### [Task description]
Make an exact copy of all the entries, with the pictures left out.

### [Source data]
%%

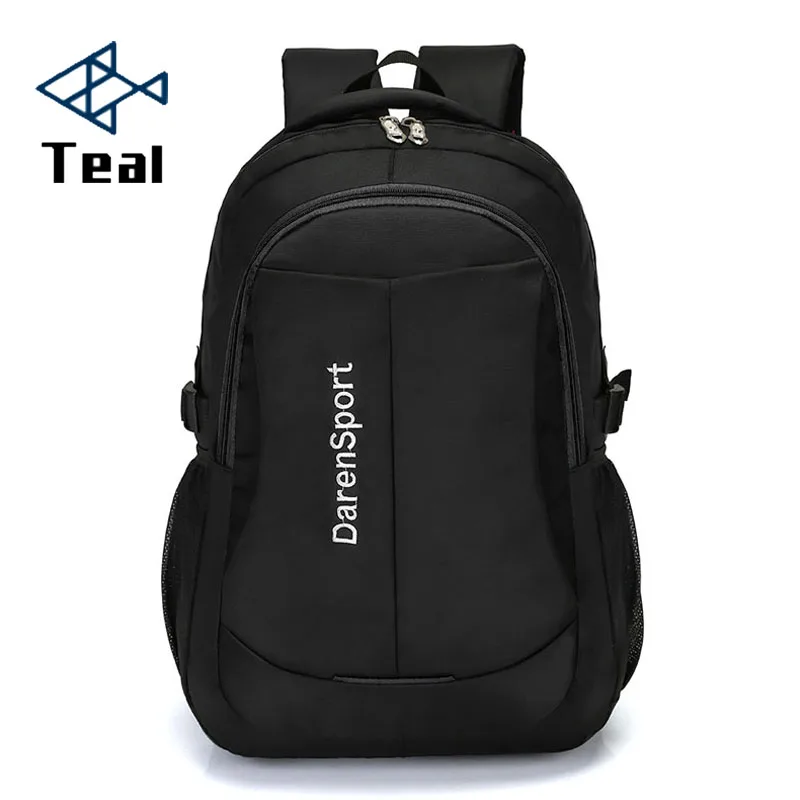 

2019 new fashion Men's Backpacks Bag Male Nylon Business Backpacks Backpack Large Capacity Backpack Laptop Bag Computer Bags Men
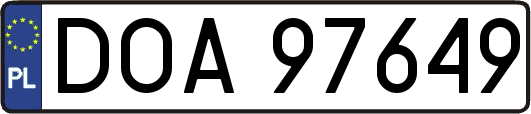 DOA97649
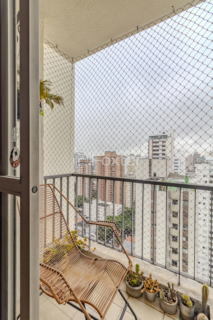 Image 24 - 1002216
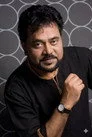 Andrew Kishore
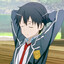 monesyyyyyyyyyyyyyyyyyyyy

%%

### [Response for this exercise]
2019 new fashion Men's Backpacks Bag Male Nylon Business Backpacks Backpack Large Capacity Backpack Laptop Bag Computer Bags Men
 DOA97649
 Image 24 - 1002216
 Andrew Kishore
 monesyyyyyyyyyyyyyyyyyyyy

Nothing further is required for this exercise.